REPUBLIKA.CO.ID, JAKARTA -- Sebentar lagi umat Muslim akan melalui Hari Idul Adha. Muslim yang telah memiliki kemampuan sudah sepatutnya ikut berqurban sebagai wujud ketakwaannya dalam menjalankan perintah Allah SWT yang tidak bisa diprotes itu karena sifatnya yang taukifi.
Dosen Pascasarjana Fakultas Dirasat Islamiyah (FDI) UIN Syarif Hidayatullah Jakarta Ustadz Hari Susanto menjelaskan Allah SWT mensyariatkan ibadah qurban sebagai bentuk ketundukan para hamba-Nya, sebagaimana ayat 2 Surah Al-Kautsar, dan juga berdasarkan sunnah Rasulullah SAW.
Pengajar fiqih muamalah kontemporer di FDI UIN Jakarta itu menyampaikan, berqurban merupakan upaya untuk mendekatkan diri kepada Allah SWT. Berqurban termasuk ibadah mahdhah dan bersifat taukifi (ibadah yang ketentuannya telah ditentukan dan tidak bisa diubah). Alhasil, umat Muslim hanya melaksanakan dan tidak berhak mempertanyakan mengapa perlu melakukannya.
"Tentu dalam Islam, berkurban itu tidak hanya menyembelih hewan. Banyak ritual lain, seperti zakat dan infak di mana seorang hamba berkorban dengan dengan harta. Juga jihad, yang berkorban dengan jiwa.
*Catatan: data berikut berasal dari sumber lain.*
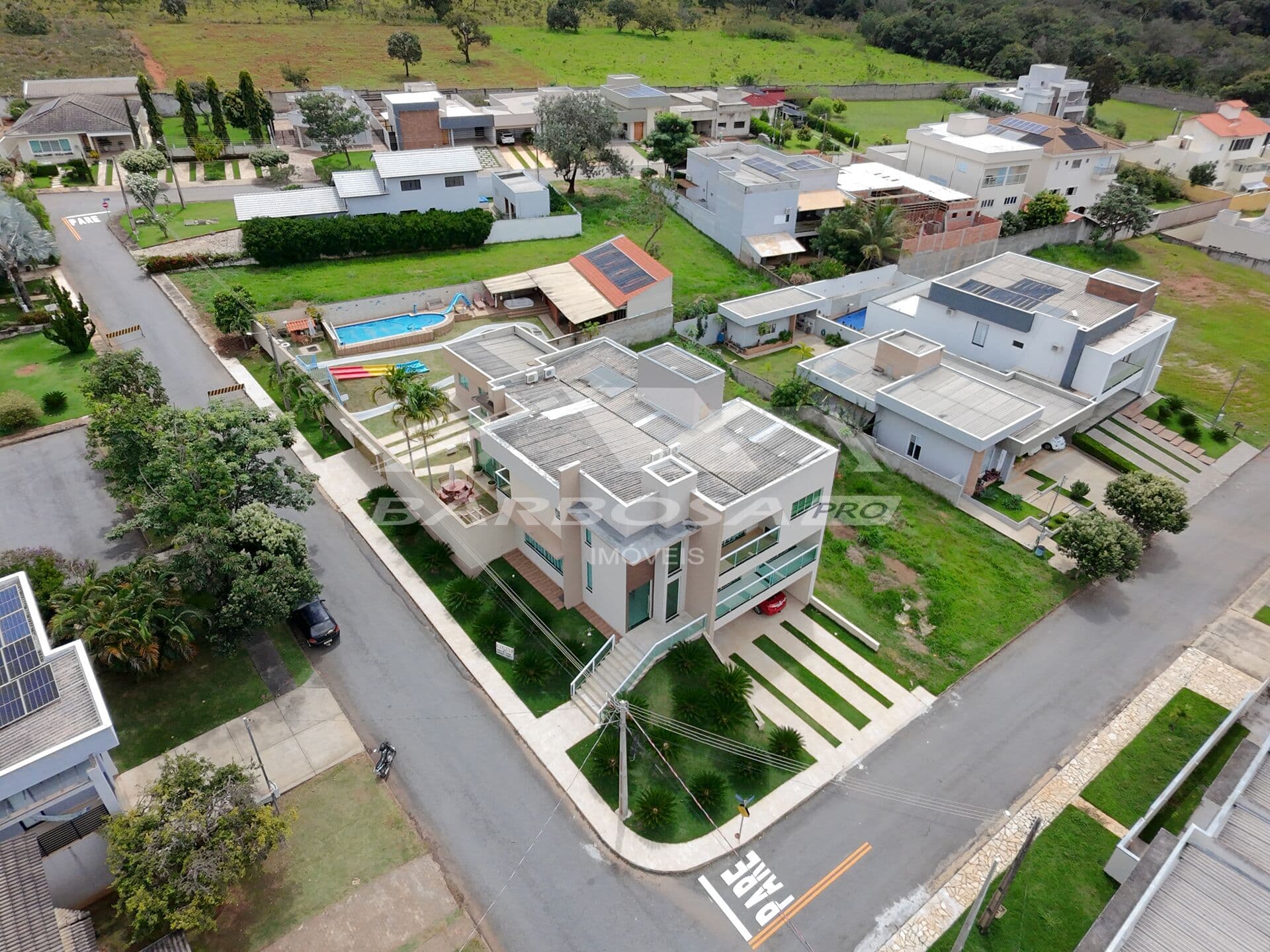 Casa sobrado com 7 suites á venda no Aldeias das termas - Caldas Novas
Sedangkan berqurban, ini bagian dari pengorbanan kita agar dekat kepada Allah SWT, tunduk kepada Allah SWT," tutur dia kepada Republika.co.id, Senin (28/6).
Hikmah dari berqurban, kata Ustadz Hari, adalah memperbaiki akhlak buruk manusia, yaitu bakhil atau kikir. Islam datang dengan syariatnya agar manusia berkurban dan peduli sesama manusia melalui hartanya agar terbebas dari sifat kikir.
Tak hanya itu, berqurban juga mengingatkan pada Nabi Ibrahim yang dengan gigih berdakwah. Nabi Ibrahim juga menjadi gambaran orang yang menjalankan perintah Allah SWT. Tidak ada kata kecuali sami'na wa 'atho'na (aku dengar dan aku taati).
Hikmah lain berqurban, yaitu menunjukkan Islam datang bukan dengan cara yang mudah. Prosesnya penuh pengorbanan yang dilakukan oleh para nabi, dari Nabi Ibrahim sampai Nabi Muhammad sampai kepada para sahabat lalu sampai kepada umat Islam saat ini.
"Itulah semangat yang dibawa ibadah qurban yaitu agar kita senantiasa melestarikan agama ini meski kita harus berkorban dengan harta, jiwa dan raga," tutur pria yang juga dosen tetap di pascasarjana Universitas Ibn Khaldun Bogor itu.